Es ist Gärtners Verdienst, erstmals die künstlerischen Leistungen der an den Basilika-Bildern tätigen Maler ins Verhältnis zu setzen. Trotz ähnlicher Vorgaben ist interessant zu sehen, wie Holbein und Burgkmair relativ unabhängig von der Augsburger Maltradition, sodann individuell und stilistisch verschieden ihre Aufgaben erfüllten. Während bei Holbein beispielsweise eine intensive Auseinandersetzung mit dem Kolorit deutlich wird, zeugt Burgkmairs Malerei von einem Studium der Natur und menschlicher Bewegungen.

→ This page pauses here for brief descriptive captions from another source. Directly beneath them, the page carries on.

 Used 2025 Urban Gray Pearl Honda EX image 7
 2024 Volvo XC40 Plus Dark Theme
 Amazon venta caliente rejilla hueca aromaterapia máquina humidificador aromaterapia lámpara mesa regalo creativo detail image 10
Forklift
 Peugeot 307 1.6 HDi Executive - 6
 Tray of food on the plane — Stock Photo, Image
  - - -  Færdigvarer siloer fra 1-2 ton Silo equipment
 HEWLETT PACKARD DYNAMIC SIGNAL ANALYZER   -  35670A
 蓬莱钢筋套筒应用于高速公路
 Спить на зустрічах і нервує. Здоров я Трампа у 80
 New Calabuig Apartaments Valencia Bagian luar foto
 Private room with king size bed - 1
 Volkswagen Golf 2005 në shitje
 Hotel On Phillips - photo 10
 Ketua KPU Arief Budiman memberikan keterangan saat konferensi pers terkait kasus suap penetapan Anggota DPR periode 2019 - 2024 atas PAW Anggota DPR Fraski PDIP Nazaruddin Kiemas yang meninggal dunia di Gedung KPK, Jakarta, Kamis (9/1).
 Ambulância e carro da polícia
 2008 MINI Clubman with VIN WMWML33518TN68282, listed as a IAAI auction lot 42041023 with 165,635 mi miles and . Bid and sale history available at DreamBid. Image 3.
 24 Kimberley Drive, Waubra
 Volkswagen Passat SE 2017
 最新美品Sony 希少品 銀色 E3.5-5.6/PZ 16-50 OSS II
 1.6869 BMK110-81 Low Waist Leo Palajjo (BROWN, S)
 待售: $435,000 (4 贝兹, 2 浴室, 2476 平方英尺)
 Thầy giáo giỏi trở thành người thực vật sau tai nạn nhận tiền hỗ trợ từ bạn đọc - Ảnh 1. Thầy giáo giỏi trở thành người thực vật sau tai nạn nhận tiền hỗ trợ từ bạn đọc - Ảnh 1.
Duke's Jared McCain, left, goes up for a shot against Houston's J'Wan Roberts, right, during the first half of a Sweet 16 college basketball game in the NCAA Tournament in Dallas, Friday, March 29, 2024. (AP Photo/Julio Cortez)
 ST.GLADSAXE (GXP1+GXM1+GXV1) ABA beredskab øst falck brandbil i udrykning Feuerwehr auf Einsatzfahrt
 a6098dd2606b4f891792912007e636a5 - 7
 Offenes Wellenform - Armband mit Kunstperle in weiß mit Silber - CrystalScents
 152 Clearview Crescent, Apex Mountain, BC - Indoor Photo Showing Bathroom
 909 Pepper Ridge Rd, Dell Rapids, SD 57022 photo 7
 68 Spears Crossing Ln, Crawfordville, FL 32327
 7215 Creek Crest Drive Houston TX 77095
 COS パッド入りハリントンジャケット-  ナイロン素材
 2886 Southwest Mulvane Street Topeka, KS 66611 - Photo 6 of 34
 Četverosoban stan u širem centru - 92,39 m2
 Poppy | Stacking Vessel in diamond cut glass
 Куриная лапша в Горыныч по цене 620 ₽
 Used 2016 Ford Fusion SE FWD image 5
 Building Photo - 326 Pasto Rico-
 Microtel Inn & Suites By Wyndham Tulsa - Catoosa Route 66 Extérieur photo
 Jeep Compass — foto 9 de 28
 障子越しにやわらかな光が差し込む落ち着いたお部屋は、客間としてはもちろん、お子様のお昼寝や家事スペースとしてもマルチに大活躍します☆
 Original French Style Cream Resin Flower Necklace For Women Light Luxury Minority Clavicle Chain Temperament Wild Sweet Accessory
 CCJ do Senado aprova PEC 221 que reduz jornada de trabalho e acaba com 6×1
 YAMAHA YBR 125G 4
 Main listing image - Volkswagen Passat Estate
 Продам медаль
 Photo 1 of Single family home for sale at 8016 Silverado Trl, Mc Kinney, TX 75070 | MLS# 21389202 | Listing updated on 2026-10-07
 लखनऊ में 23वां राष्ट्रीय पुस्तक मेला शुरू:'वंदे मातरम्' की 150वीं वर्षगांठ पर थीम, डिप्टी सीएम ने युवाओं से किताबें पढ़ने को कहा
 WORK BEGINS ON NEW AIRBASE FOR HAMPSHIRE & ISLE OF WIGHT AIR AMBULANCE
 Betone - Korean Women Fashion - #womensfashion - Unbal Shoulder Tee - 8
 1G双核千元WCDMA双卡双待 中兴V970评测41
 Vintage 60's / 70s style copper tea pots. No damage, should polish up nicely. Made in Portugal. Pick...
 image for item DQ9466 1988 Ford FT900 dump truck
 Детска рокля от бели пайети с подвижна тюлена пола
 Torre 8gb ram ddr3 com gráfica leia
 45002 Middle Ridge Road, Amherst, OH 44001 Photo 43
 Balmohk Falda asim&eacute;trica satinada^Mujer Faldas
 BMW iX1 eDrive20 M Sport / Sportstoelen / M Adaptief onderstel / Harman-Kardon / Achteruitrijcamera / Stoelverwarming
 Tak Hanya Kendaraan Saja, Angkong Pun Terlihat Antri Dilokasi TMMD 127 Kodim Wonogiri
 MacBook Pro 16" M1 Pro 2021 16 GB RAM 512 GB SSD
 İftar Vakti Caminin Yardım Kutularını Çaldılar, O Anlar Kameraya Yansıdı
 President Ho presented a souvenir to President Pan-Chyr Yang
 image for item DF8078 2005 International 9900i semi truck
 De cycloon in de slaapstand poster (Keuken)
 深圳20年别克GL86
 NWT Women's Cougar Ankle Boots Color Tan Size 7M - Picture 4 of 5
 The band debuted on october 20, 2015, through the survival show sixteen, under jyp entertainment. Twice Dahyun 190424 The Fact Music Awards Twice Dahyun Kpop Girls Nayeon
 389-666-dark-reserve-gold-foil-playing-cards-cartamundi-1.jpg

Neben einer ebenso wichtigen und an dieser Stelle erfolgten kritischen Würdigung des Künstlerbeitrags hätte eine Kombination und Verknüpfung unterschiedlicher Fragestellungen das von der Verfasserin diskutierte Problem einer Kunst an der Epochenschwelle bereichert. Dazu gehört, sowohl den Kontext der Nonnenfrömmigkeit zu berücksichtigen als auch einer nicht nur durch die räumliche Distanz geprägten Wahrnehmung von Kultstätten, die für die christliche Religion von entscheidender Bedeutung sind, im Bild nachzugehen.